British contractor Balfour Beatty tapped a new chief financial officer to aid CEO Leo Quinn's effort to restore the firm's sagging balance sheet as it copes with a $105-million profit shortfall—its sixth in two years—and a critical outside review of bidding and risk management in its U.K. construction business.

Harrison
In late January, Balfour Beatty named finance executive Philip Harrison as CFO but did not disclose his start date. U.K. reports say he will not leave his current firm, British corporate services specialist Hogg Robinson plc, until May, when the company reports year-end results.

The hire follows the Jan. 1 start of Quinn, former CEO of British IT firm Quinetiq, who is known for his corporate turnarounds. Balfour Beatty reported more than $13 billion in global 2013 revenue.

Results of a KPMG review begun last August of 127 Balfour Beatty U.K. projects, which the contractor aired on its website, noted the firm's "very low-margin" bids and "inadequate provisions for risk."
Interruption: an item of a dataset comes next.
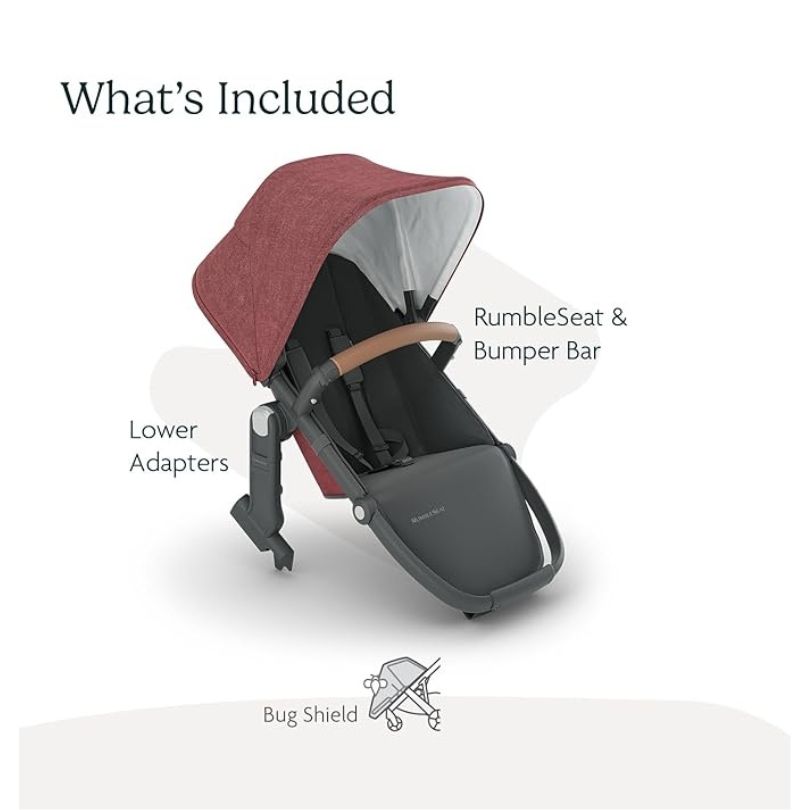 Uppababy - RumbleSeat V2 Lucy Stroller Seat - Rosewood Melange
KPMG pointed to "optimistic assumptions" on project delay penalties and shortfalls in managing job performance against forecasts.

 

Quinn
Quinn on Jan. 22 said the firm "had become too complex and too devolved for adequate line of sight and financial control." He told media that reversing the trends would take up to two years and include "delayering." Balfour Beatty announced reporting-line changes for two top U.K. executives.

It also canceled a $300-million share buyback and said other steps would be unveiled in March with the reporting of its year-end results.

But the firm also released a new valuation of its asset portfolio, now worth more than $1.95 billion. A competitor fund, John Laing Infrastructure Fund, had made a $1.5-billion bid for the portfolio last year but Quinn now says it is not for sale.

The firm also said on Jan. 19 said it has been selected as sole contractor for a new type of U.K.-wide public-works construction program worth up to $2.27 billion through early 2019.

"The framework encourages collaborative working and early contractor involvement so that project design and delivery can be influenced, progressing rapidly to the construction stage, stimulating local jobs and spend and increasing value for the customer," Balfour Beatty said.

London-based analyst Stephen Rawlinson told Reuters: “This puts the company back on a good track, if it stops taking bad risks."